I have some python code which takes approximately 12 hours to run on my laptop (MacOS 16GB 2133 MHz LPDDR3). The code is looping over a few thousand iterations and doing some intensive processing at each step so it makes sense to parallelise the problem with MPI processing. I have access to a slurm cluster, where I have built mpi4py (for python 2.7) against their OpenMPI implementation with mpicc. I then submit the following submission script with sbatch --exclusive mysub.sbatch
:
#!/bin/bash
#SBATCH -p par-multi
#SBATCH -n 50
#SBATCH --mem-per-cpu=8000
#SBATCH -t 48:00:00
#SBATCH -o %j.log
#SBATCH -e %j.err
module add eb/OpenMPI/gcc/3.1.1
mpirun python ./myscript.py
which should split the tasks across 50 processors, each of which with an 8GB memory allocation.
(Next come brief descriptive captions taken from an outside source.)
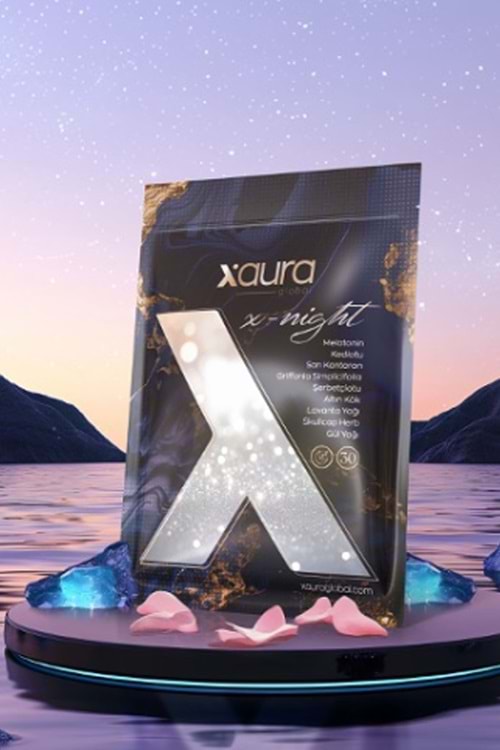 X-Night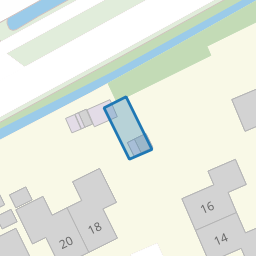 Perceel ODN00-H-1013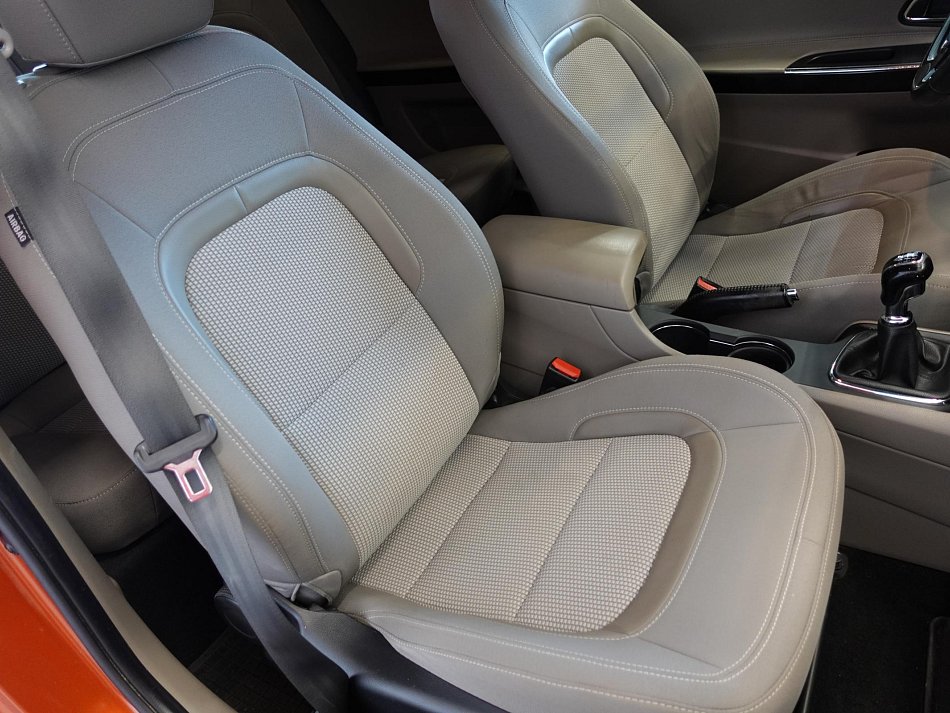 Kia Ceed 1.6CRDi 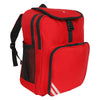 Felmore Primary School - Red Bookbag with School Logo - Schoolwear Centres | School Uniform Centres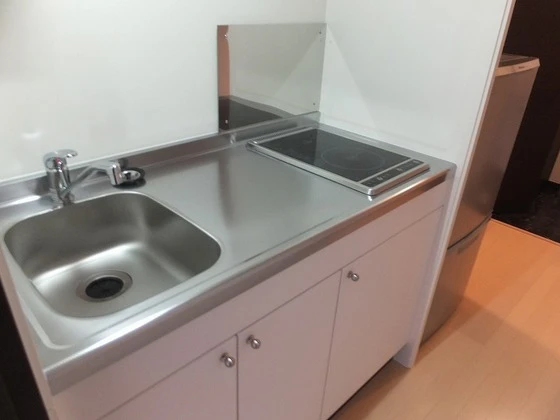 レオネクストアイリス倉富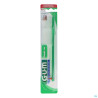 Gum Classic Brosse A Dents Souple 4 Rangs Pte Tete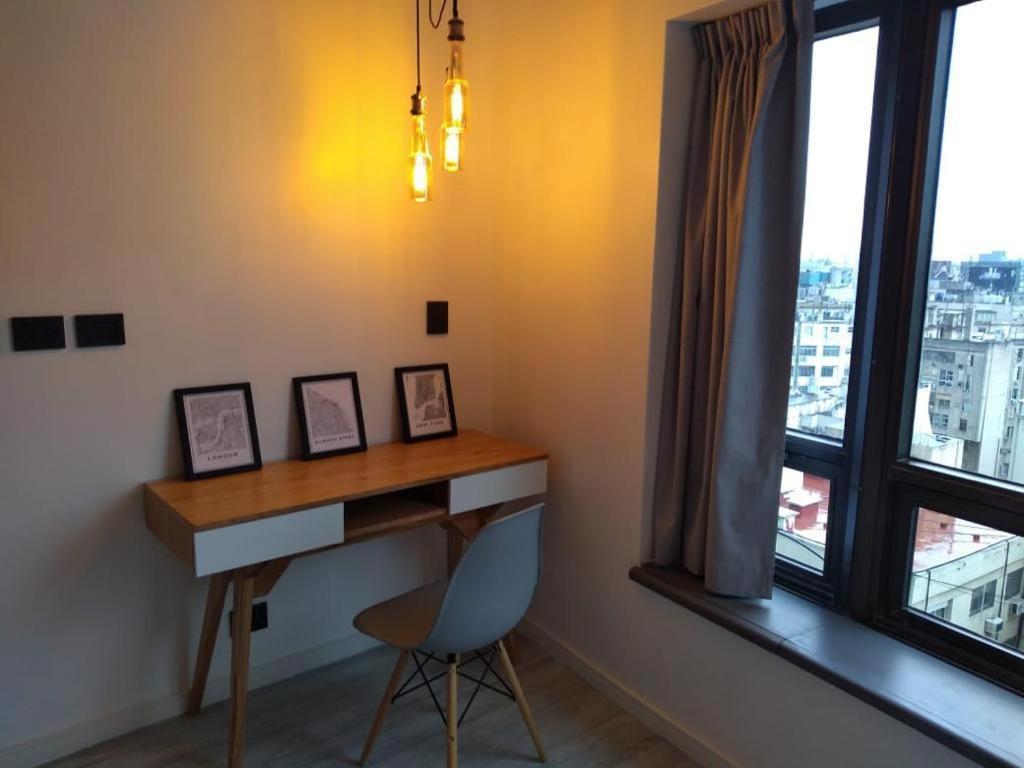 Departamento Monoambiente Caba, Zona Céntrica, San Nicolás. Apartamento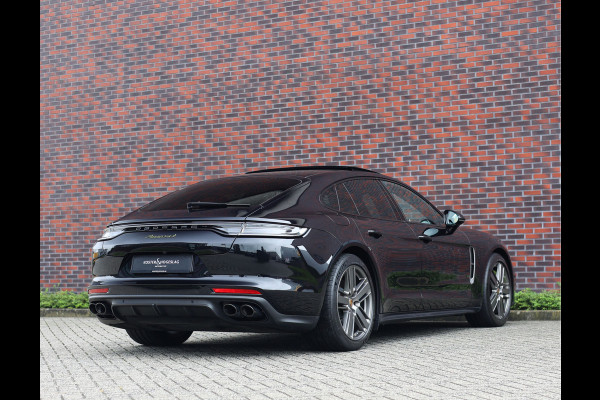 Porsche Panamera 2.9 4 E-Hybrid Platinum Edition | PASM - Sport Chrono - BOSE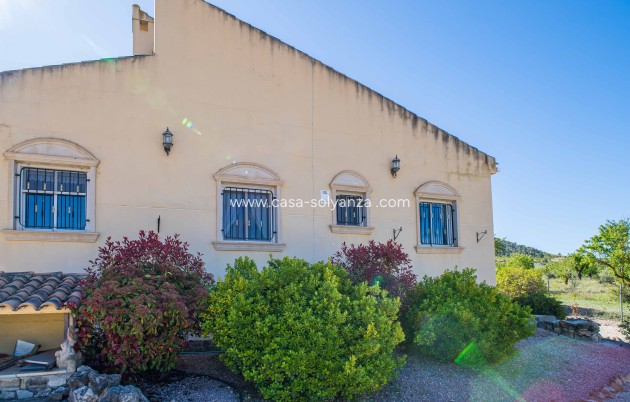 Reventa - Villa - La Zarza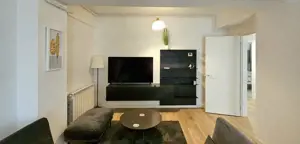 Apartament  - terasa 200 mp-complet cu vedere libera si parcare - imagine 2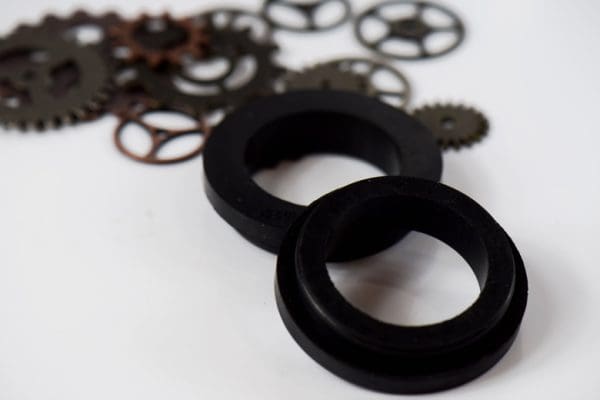Blast hose coupling washer – 00850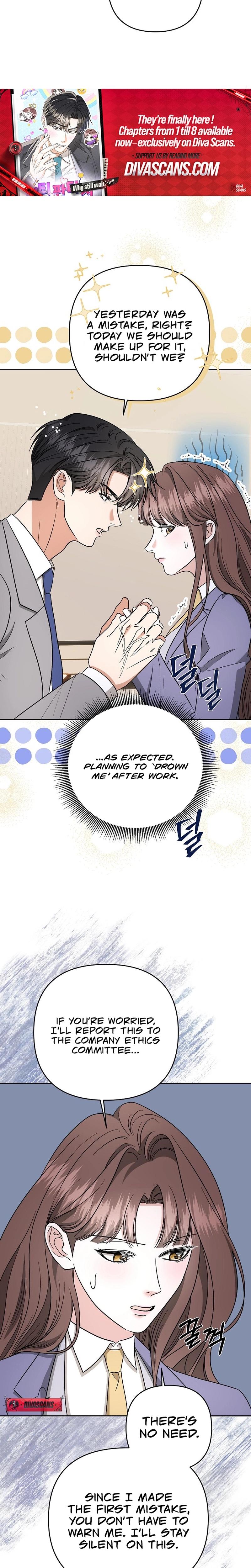 Dirty Fantasy chapter 7 page 15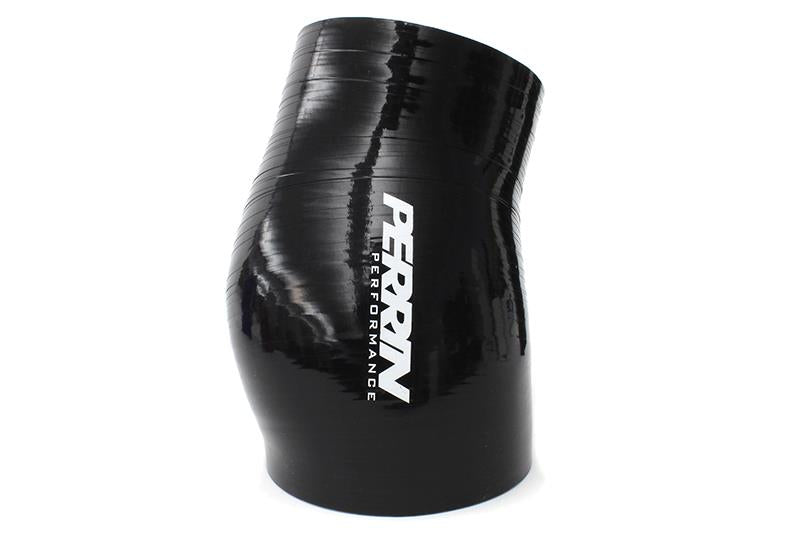 PERRIN 08-21 Subaru WRX / 09-18 Forester XT / 05-09 LGT & OBXT Intercooler Coupler Kit - Black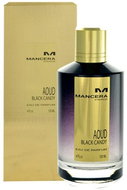 MANCERA Aoud Black Candy EdP 120 ml Uni - Eau de Parfum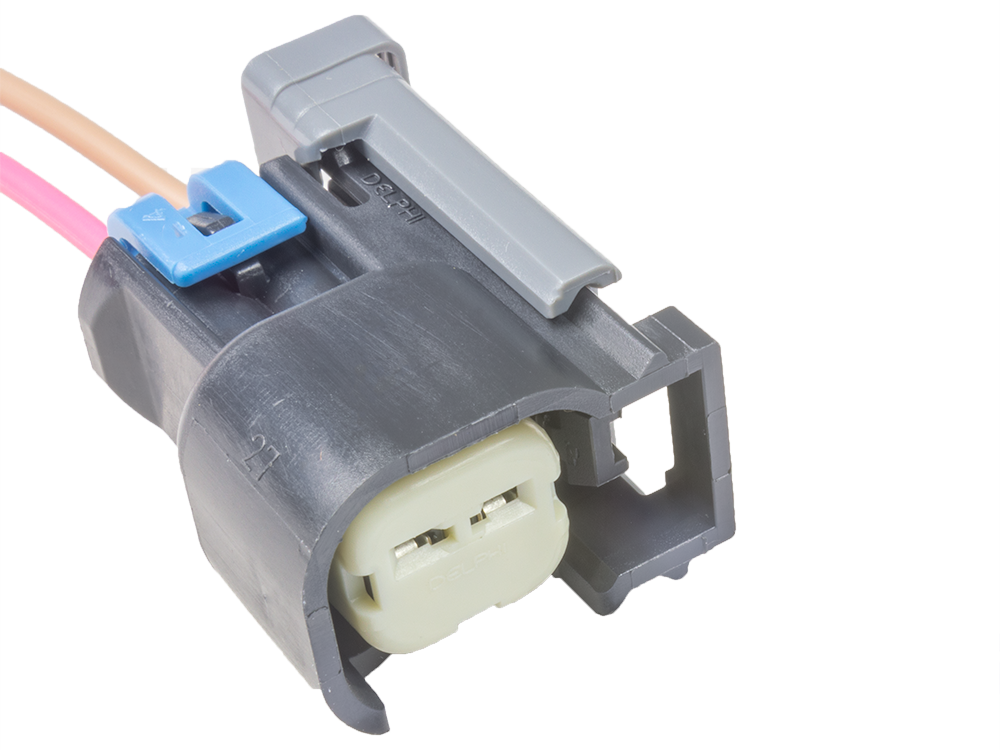 Set of 8 Fuel Injector EV6 Pigtails 6.0L LS2 (0509) eBay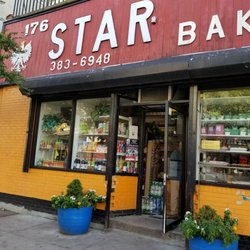 Star Deli & Bakery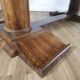 Exceptional Piece: Large Art Deco Display Table (3.6m), 1930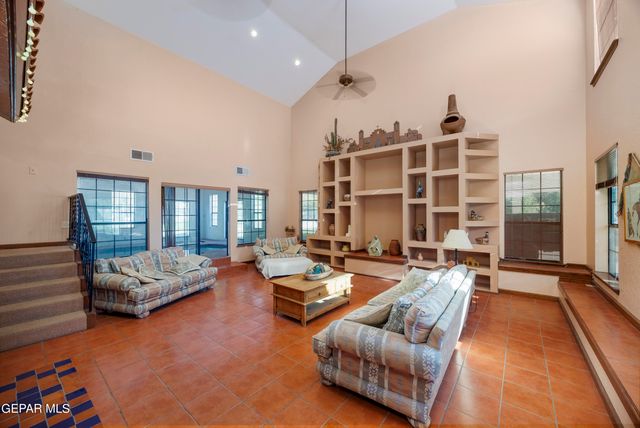 12309 SUGDEN Road, Clint, TX 79836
My code does something like the following:
import numpy as np
import pickle
import mpi4py
COMM = MPI.COMM_WORLD
def split(container, count):
return [container[_i::count] for _i in range(count)]
def read():
#function which reads a series of pickle files from my home directory
return data
def function1():
#some process 1
return f1
def function2():
#some process 2
return f2
def main_function(inputs):
#some process which also calls function1 and function2
f1 = function1(inputs)
f2 = function2(f1)
result = #some more processing
return result
### define global variables and read data ###
data = read()
N = 5000
#etc...
selected_variables = range(N)
if COMM.rank == 0:
splitted_jobs = split(selected_variables, COMM.size)
else:
splitted_jobs = None
scattered_jobs = COMM.scatter(splitted_jobs, root=0)
results = []
for index in scattered_jobs:
outputs = main_function(data[index])
results.append(outputs)
results = COMM.gather(results, root=0)
if COMM.rank == 0:
all_results = []
for r in results:
all_results.append(r)
f = open('result.pkl','wb')
pickle.dump(np.array(all_results),f,protocol=2)
f.close()
The maximum run time I can allocate for my job is 48 hours, at which point the job has not even finished running. Could anyone tell me if there is something in either my submission script or my code which is likely causing this to be very slow?
Thanks